He estado aquí tantas veces. 
He sido todo lo que miro.



viernes, 17 de octubre de 2025

Palabra o silencio







Hay cosas que suceden sin remedio, hagas lo que hagas.

Eliges silencio  
—¡pero pudiste hablar! piensas 
créeme, sería lo mismo.
Una objeción nace y no cesa por no otorgar palabras; 
dadas, seguramente, hoy renegaría su fracaso.

—¿Qué di? ¿A quién lo di? —pienso en el pasado.

Es un sueño, una ficción. 
No es broma. Lo que viviste fue real... 
para ti, pero no para la otra persona; 
y eso basta: ya es ficción.

Por eso —palabra o silencio— nada va a cambiar.




domingo, 12 de octubre de 2025

Un gran cristal


Horas hermosas las de la memoria.
En la memoria;
aquí solo arden, desandan.
Todo camino lleva los pasos contados por huellas inevitables.
Evocadas, bellas —bien pensadas, amargas.
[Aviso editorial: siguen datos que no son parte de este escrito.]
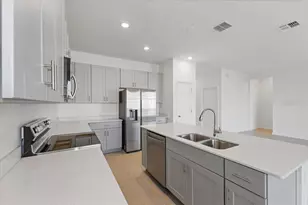 519 Silver Palm Dr, Haines City, FL 33844 - Photo 4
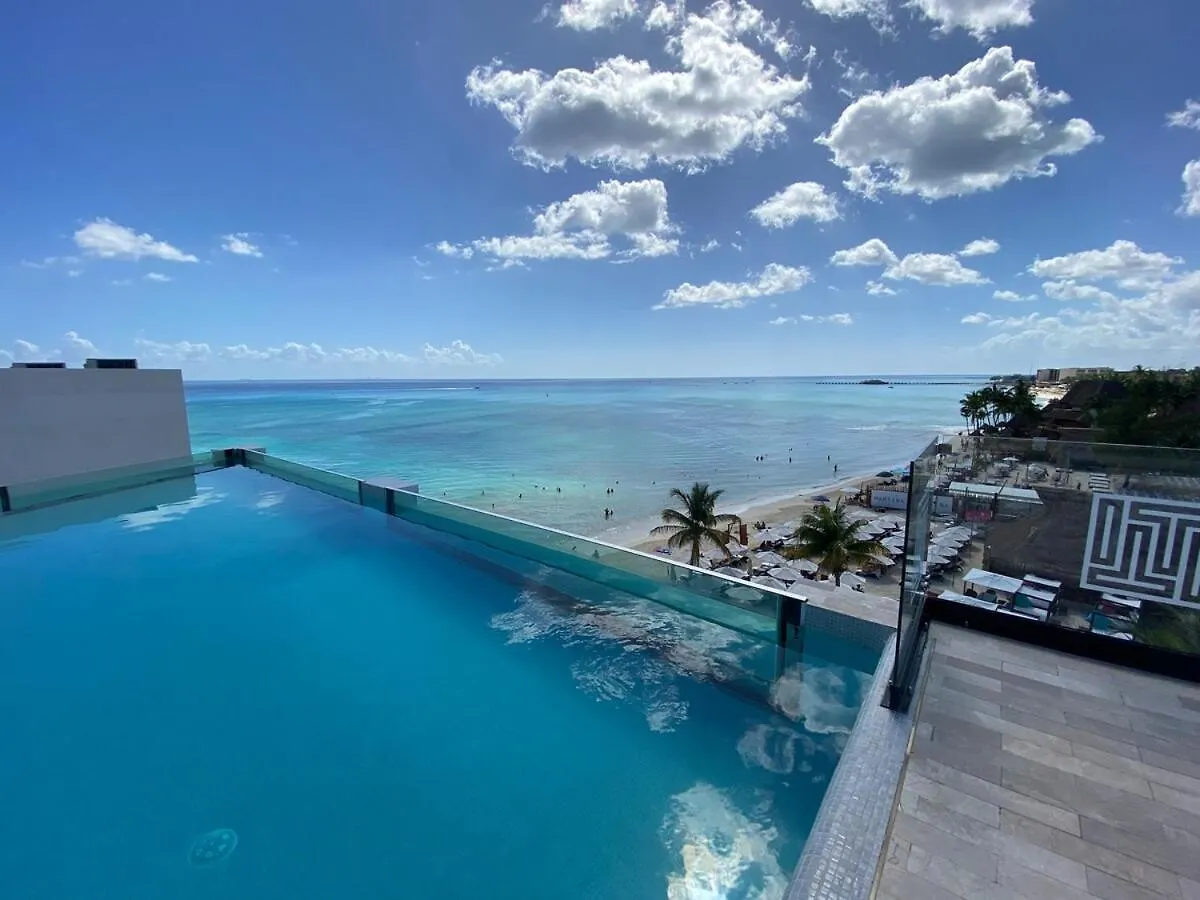 Apartamento Ocean Front! Amazing Rooftop Pool, Walk To Fifth! Playa del Carmen México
Adentro, una dulce mirada trenza el centro de la noche
mientras recuesta su mejilla.
Voces encantan la glorieta;
nadie se esfuerza al acercarse,
más que acercarse, nos unen;
el júbilo estalla.

Y afuera, a donde siempre vuelvo
su reverso, 
o simplemente el silencio;
la nocturna palabra que da nombre a la nada.
Un mismo fuego me abriga y deflagra.

La mente es un niño que corre sin miedo a caer,
y cómo anima el corazón este juego.

Porque no soy yo, yo miro y existo.

En esta estación de grises recorro lugares que reavivan los colores;
donde el frío de la noche borra los bordes en lo alto de antiguas casas,
remiendo su arquitectura, 
en el segundo piso de la ciudad, en la blanda hondura del cielo, 
en las sonrisas.
Un semáforo en rojo detiene a la gente y el tiempo,
y en el reflejo de un gran cristal,
yo que todo lo observo,
alguien sonriendo acompaña la soledad de mi costado

una forma del amor me sostiene la mirada

y cuando el verde llega y la gente avanza,
detenido aún,
algo de mí busca un taxi, porque se ha ido
camino de un lugar que conozco
y debería olvidar.









viernes, 10 de octubre de 2025

Yo, mí, me, conmigo - Círculos





Siempre que vuelvas a pensarlo
y sientas que algo no está bien,
recuerda: no es tu culpa volver a pensarlo.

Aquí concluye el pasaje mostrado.